## WHAT TO WORK ON:
Reproduce the entries verbatim; no pictures.

________

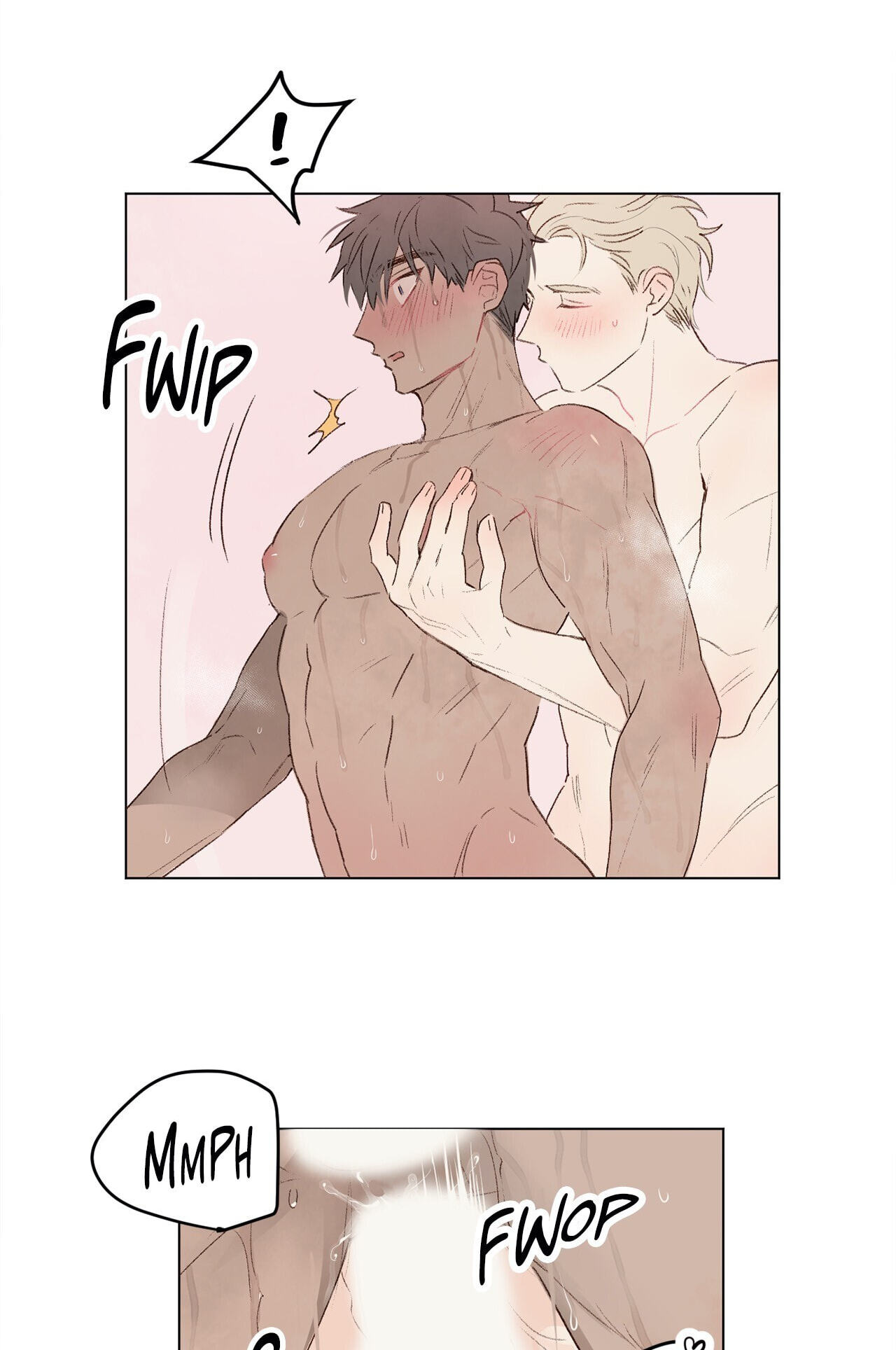 Leash Me Up Chapter 28 page 15 - 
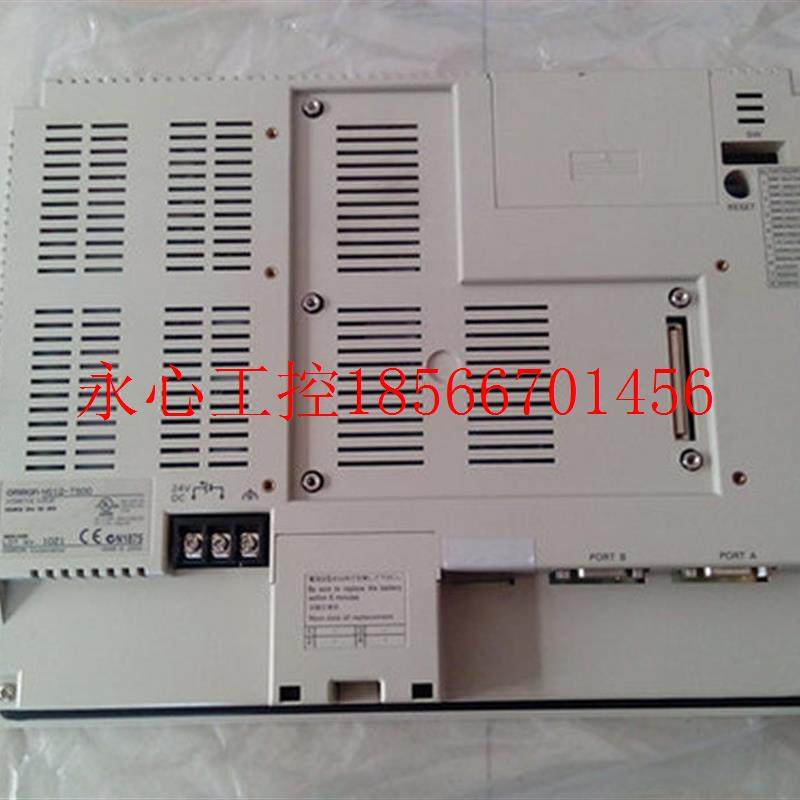 议价拆机原装欧姆龙触摸屏 NS12-TS00/NS12-TS00B-V2/NS-CA002 ￥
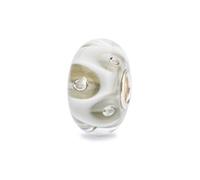 Trollbeads Ritirato - Original Trollbeads Gocce d'Acqua Ref. TGLBE-10439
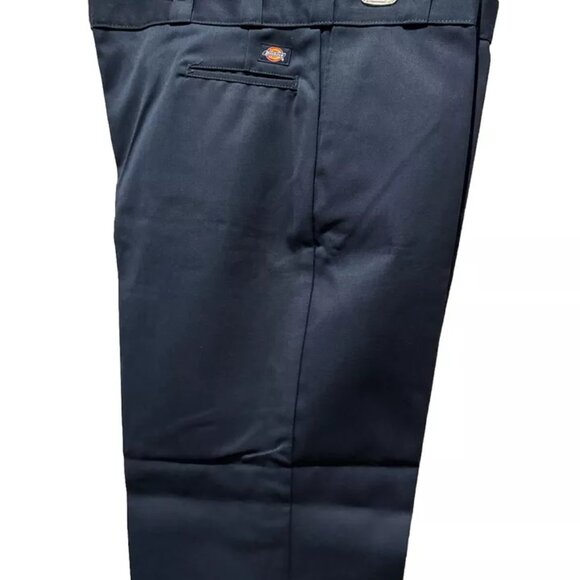 Dickies New 874 Plain Front 50 X 32 NWT Twill Pants - Picture 3 of 5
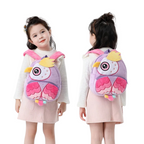 Sac à Dos en Peluche Animal Bambino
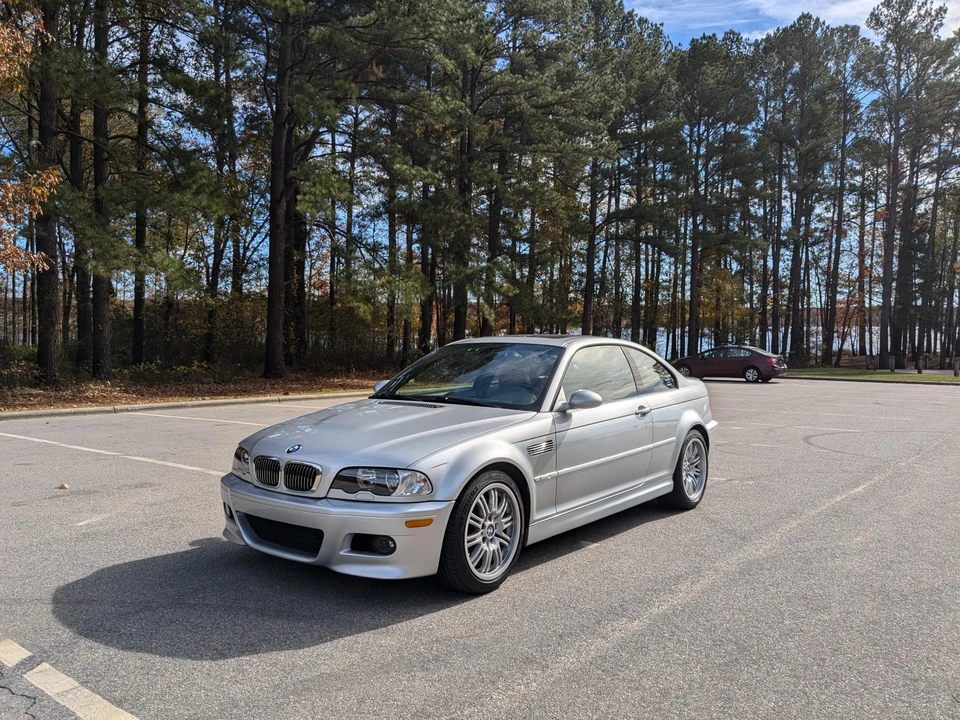2003 BMW E46 M3 - Image 12 of 31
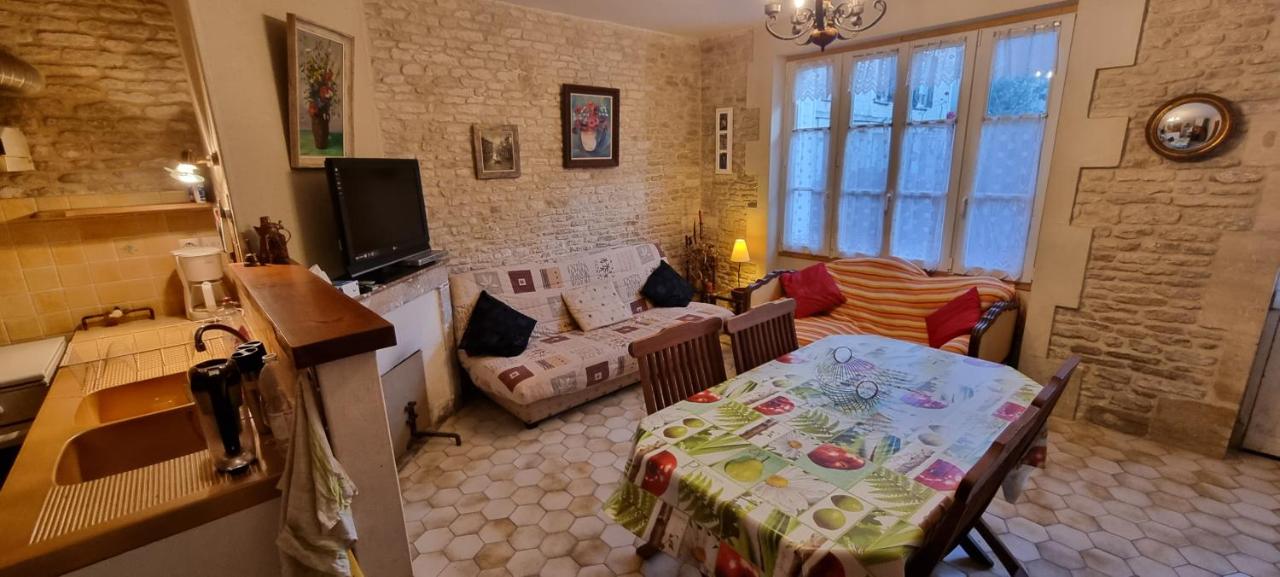 Maison de vacances bord de mer Normandie plage du débarquement proche Caen - Ferienwohnung Bernières-sur-Mer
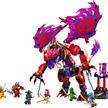 LEGO® NINJAGO® 71832 Chaosdrache Donnerzahn | Bild 2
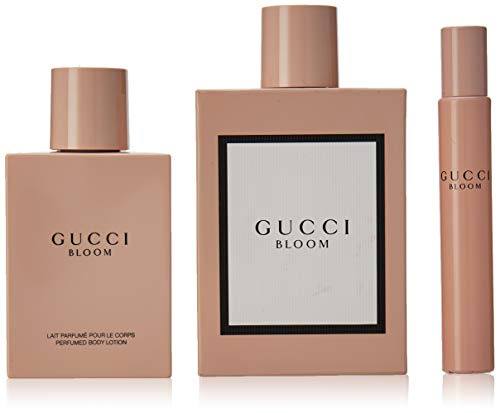 gucci bloom gift set perfume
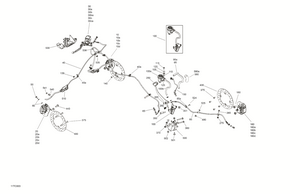 03- Mechanic - Brake System Schematic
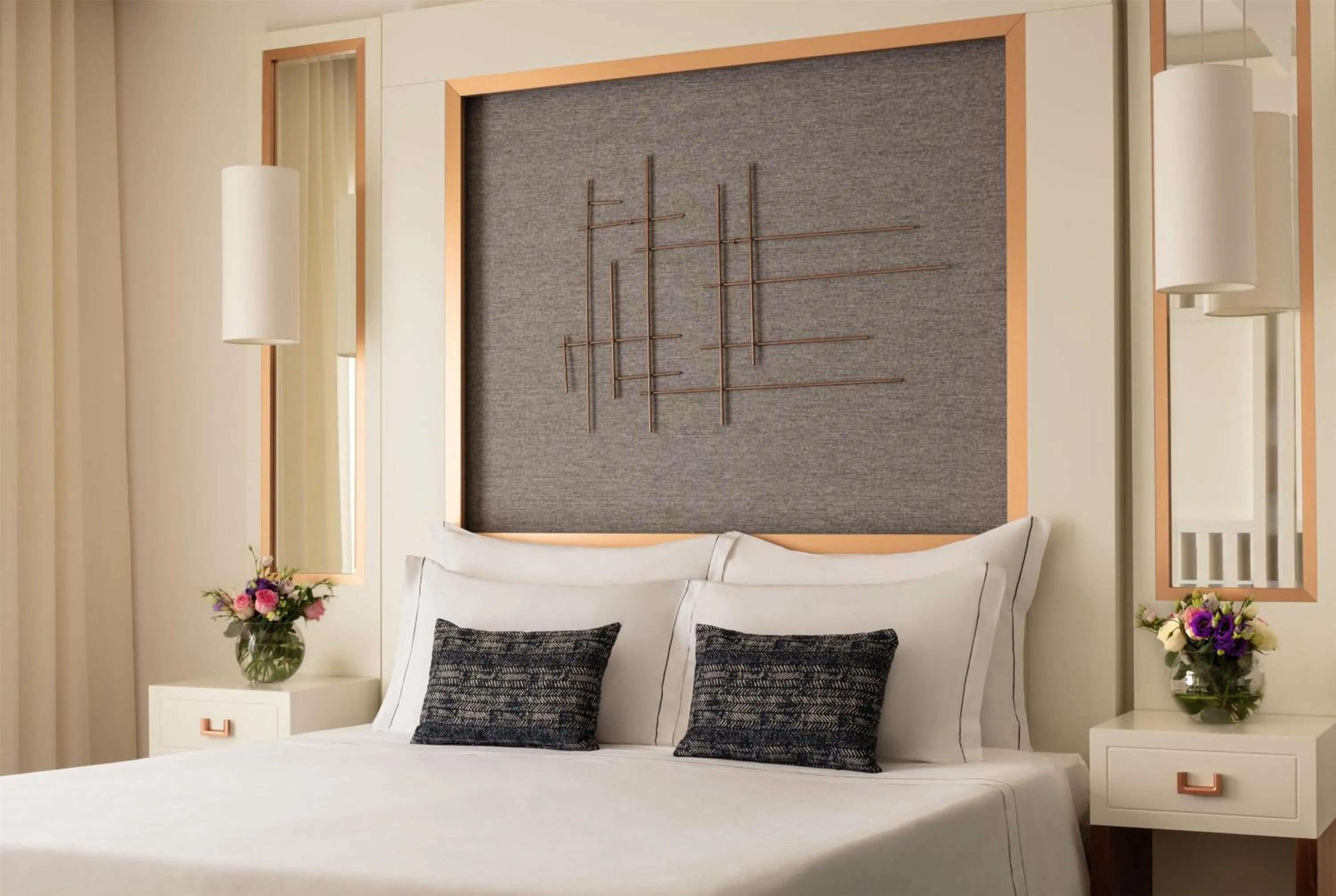 Bedroom, Bed in Tivoli Carvoeiro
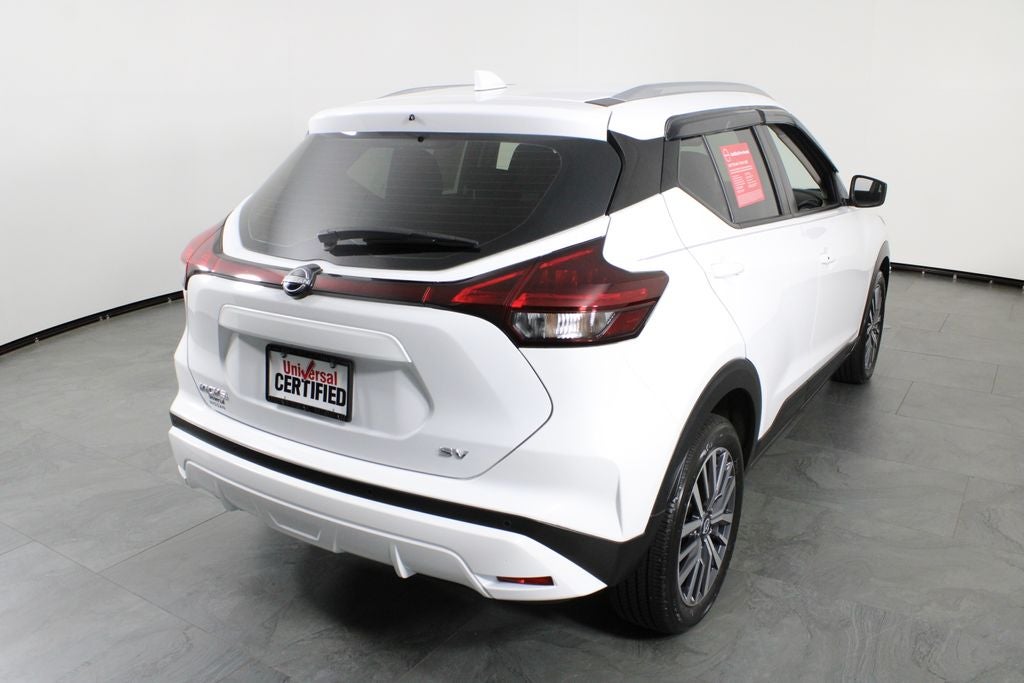2024 Nissan Kicks SV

________

## TASK OUTPUT:
 Leash Me Up Chapter 28 page 15 - 
 议价拆机原装欧姆龙触摸屏 NS12-TS00/NS12-TS00B-V2/NS-CA002 ￥
 Trollbeads Ritirato - Original Trollbeads Gocce d'Acqua Ref. TGLBE-10439
 Dickies New 874 Plain Front 50 X 32 NWT Twill Pants - Picture 3 of 5
 Sac à Dos en Peluche Animal Bambino
2003 BMW E46 M3 - Image 12 of 31
 Maison de vacances bord de mer Normandie plage du débarquement proche Caen - Ferienwohnung Bernières-sur-Mer
 LEGO® NINJAGO® 71832 Chaosdrache Donnerzahn | Bild 2
 gucci bloom gift set perfume
 03- Mechanic - Brake System Schematic
 Bedroom, Bed in Tivoli Carvoeiro
2024 Nissan Kicks SV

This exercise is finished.